ちょっと渋めにお洒落に仕立てたハイトワゴン
「全車16インチ採用」。アタマの中に「?」が飛び交った人のために解説すると、1・3Lも1・5Lも、どのラクティスを選んでも16インチサイズのタイヤがくっついている、ということ。じゃ16インチはなにかというと、多少、路面の凹凸でゴツゴツしてせわしなくなろうとも、走る曲がる止まるの基本をスポーティに行えるためのタイヤと思ってもらえればいい。
つまり。コンパクトカーというと一般的には女性狙いで、15インチや14インチといった優しい乗り心地&燃費がいい&ちょっとお安いタイヤになることが多い。しかしラクティスは選択の余地のない「全車」16インチ。それだけちょっと走りにこだわったのさ、という気持ちが伺える。
運転席を見るとハンドルのところにパドルがついていて、これでシフトアップ&ダウンが可能。しかもトヨタF1と同じ雰囲気で、かつ、かの高級ブランド『レクサス』の高級セダン『IS』とも同じものが採用されている(ISユーザーは言うと怒りそうだけれど)。ラクティスは快適に走るためのスポーティ・コンパクトなのである。
走らせて見るとしゃきっとした雰囲気と質の高い乗り心地、使いやすく反応のいいパドルシフトと、いつものごとく及第点のトヨタ・コンパクトである。ラクティスのうたい文句でもある「高速大容量スタイリング」という意味でも、高速で楽しく、ボディサイドのガラス面をできるだけ立てて稼いだという室内空間はそうとうに広く、さらにスタイルもまとまっている。リアシートのアレンジもしやすくて、荷物を載せるには使いやすそうだ。
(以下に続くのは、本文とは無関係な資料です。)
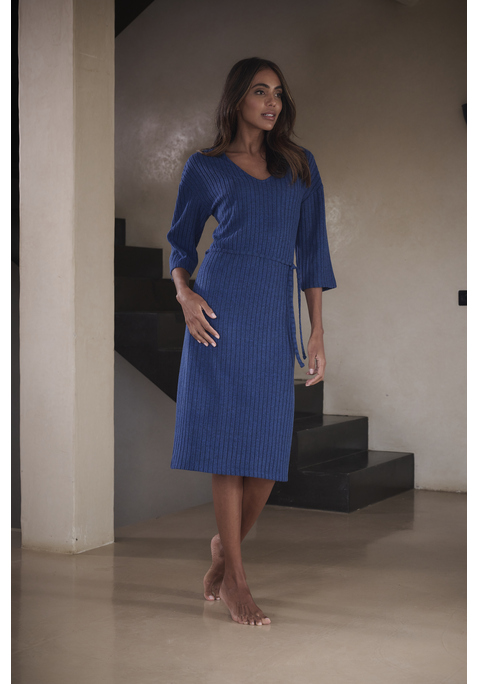 Bild: Strickkleid von LASCANA: Langes Rippkleid von Lascana in Rippoptik. Tiefer V-Ausschnitt. 3/4-lange Ärmel mit überschnittenen Schulternähten. Schmaler Bindegürtel auf Taillenhöhe. Figurbetonte Passform. Weiche Qualität.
ただし。もうひとつラクティスがうたっている「オトナ4人が快適に」という部分では、ちょっとだけ疑問。というのもリアシートがいまひとつ小さい。シートアレンジ優先で人間が座ることは後回しにされている感が否めない。
じゃ、このクルマ、誰をターゲットにしているのかというと、トヨタは若年層を狙っているというが、これだけ質がよくて取り回しがしやすくて、走りがそこそこで荷物が積めて、というクルマは、実はリタイヤ&コンパクト回帰組みが好きなコンセプトだったりして。もともとはファンカーゴの後継として出てきたラクティス。リタイヤしたお父様が選ぶにはちょっとスイートすぎるファンカーゴを切り捨て、ちょっと渋めにお洒落に仕立てたラクティスは、団塊のリタイヤを狙っていたりするのである。